(Data records)

################

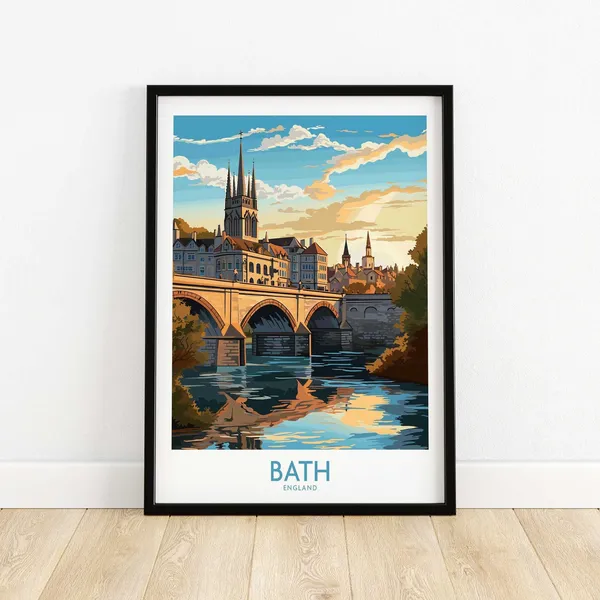 Bath England Travel Poster, City Wall Art Print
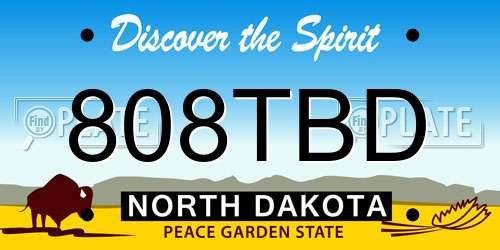 808TBD North Dakota License Plate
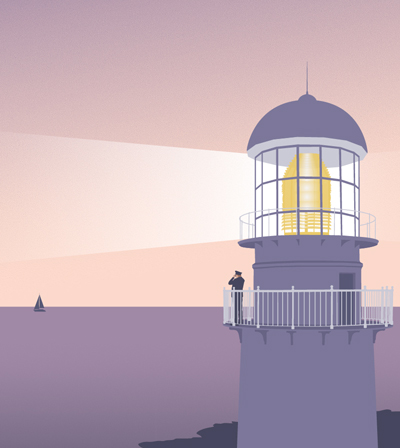 Image of a lighthouse shining its light over the ocean, representing the support provided at the Personal Injury & Court of Protection services services at JM Finn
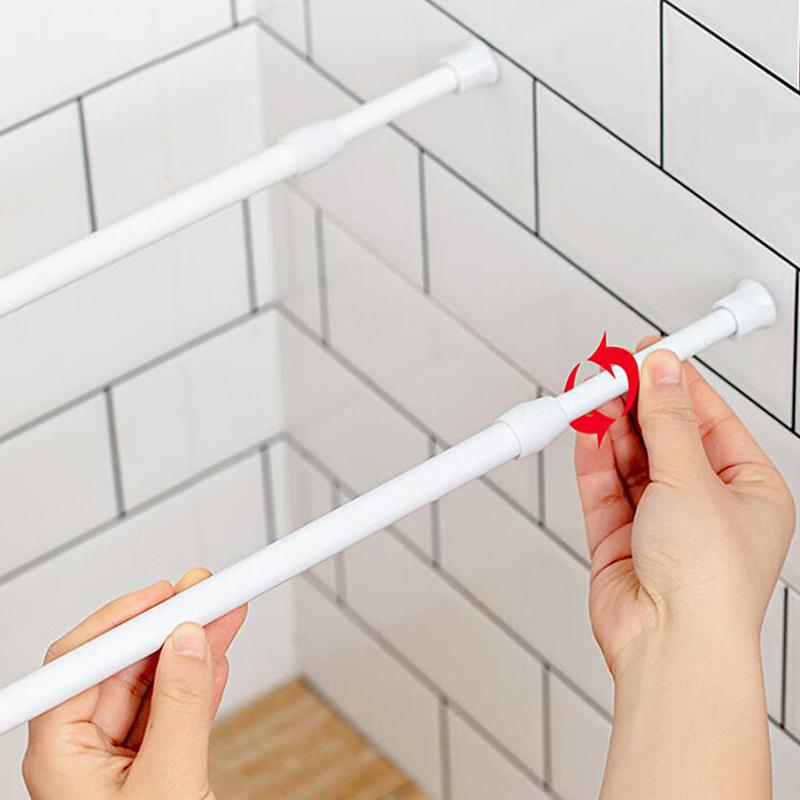 Регулируемый карниз 30-90 см с пружинным механизмом, выдвижные телескопические штанги для ванной комнаты, душевой штанги, без сверления, подвесные штанги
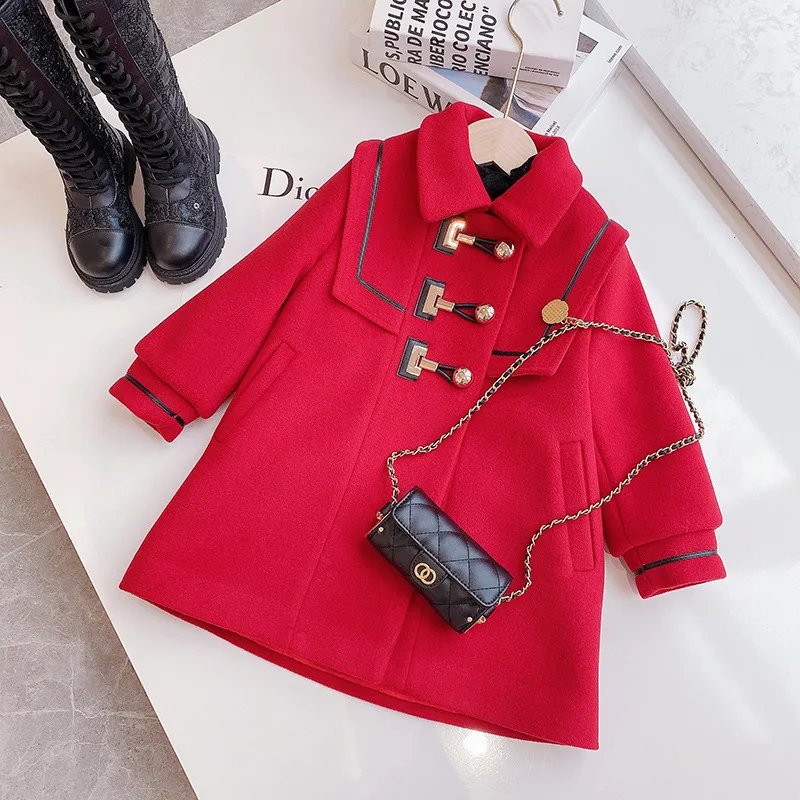 

Модная красная верхняя одежда для девочек, пальто, Осень-зима, Детские теплые куртки с длинным рукавом, детская одежда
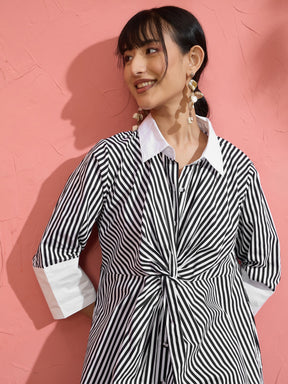 Black & White Stripe Contrast Collar Midi Dress-Pink Paprika by SASSAFRAS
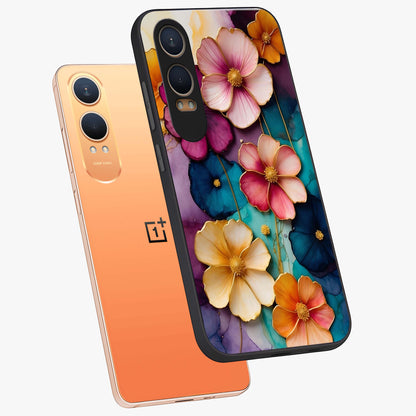Artlyn Grace Flower Pattern Glass Case for 1+Nord CE 4 Lite angled mockup showcasing glossy finish and graceful flower detailing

################

Task statement:
Because pictures are not wanted, give every entry above again exactly without them.

Result for this exercise:
 Bath England Travel Poster, City Wall Art Print
 808TBD North Dakota License Plate
 Image of a lighthouse shining its light over the ocean, representing the support provided at the Personal Injury & Court of Protection services services at JM Finn
 Регулируемый карниз 30-90 см с пружинным механизмом, выдвижные телескопические штанги для ванной комнаты, душевой штанги, без сверления, подвесные штанги

Модная красная верхняя одежда для девочек, пальто, Осень-зима, Детские теплые куртки с длинным рукавом, детская одежда
 Black & White Stripe Contrast Collar Midi Dress-Pink Paprika by SASSAFRAS
Artlyn Grace Flower Pattern Glass Case for 1+Nord CE 4 Lite angled mockup showcasing glossy finish and graceful flower detailing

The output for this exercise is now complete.